国際社会の力関係はこの20年間で大きく変化した。西洋による支配が終わりを告げつつあり、グローバル・サウスの存在感が高まる、より多極化した新しい世界が出現している。
『ウクライナ侵攻とグローバル・サウス』(別府正一郎著、集英社新書)では、ウクライナ戦争が浮き彫りにした、アフリカやアジアなどのグローバル・サウス諸国の一部と欧米諸国との分断に焦点をあてる。著者は、NHKの国際報道記者で、ウクライナ侵攻直後から、ウクライナ現地取材を重ねていた。2023年1月からは、国際ニュース番組でキャスターを務めている。

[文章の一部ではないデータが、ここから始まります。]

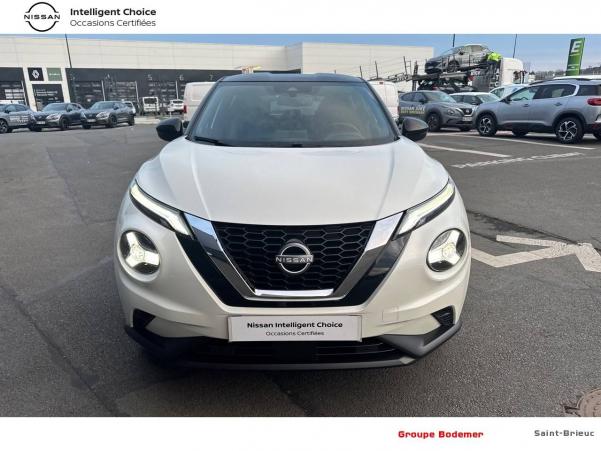 Vente en ligne Nissan Juke Juke DIG-T 114 au prix de 20 990 €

ウクライナ侵攻に対して、国際社会が一枚岩になってロシアを非難しているわけではない。ロシアを非難する欧米と、欧米とは明らかに一線を画す、一部の新興国や途上国の姿勢に注目する
ウクライナ侵攻は、欧米「西」対、ロシアや中国の「東」の対立と見られることが多いが、それに加えて「北」と「南」の分断も考えるべきという。
著者は、以前から拠点としていたアフリカ各地への取材も続け、食料価格の高騰など、グローバル・サウスの特に脆弱な国々への深刻な影響についてふれている。ロシア国内で広がるプロパガンダが、アフリカの一部の国にも急速に広がっている様子を報告する。
1950年に始まった朝鮮戦争は開戦から1年15日後に停戦会談が行われている。70年前と比較して、戦争の破壊力がはるかに増している現代、1年以上続いているロシアウクライナ戦争を、一日も早く即時停戦するべきである。そう強く主張するのが『ウクライナ戦争 即時停戦論』(和田春樹著、平凡社新書)である。NATO、EU、G7諸国がウクライナ支援、という名目でウクライナに武器を与え続けることでこの戦争に事実上参戦している。欧米諸国が一斉にロシアを非難し孤立させ、ロシアを支持する中国・北朝鮮と、日米韓間の緊張も高まっている。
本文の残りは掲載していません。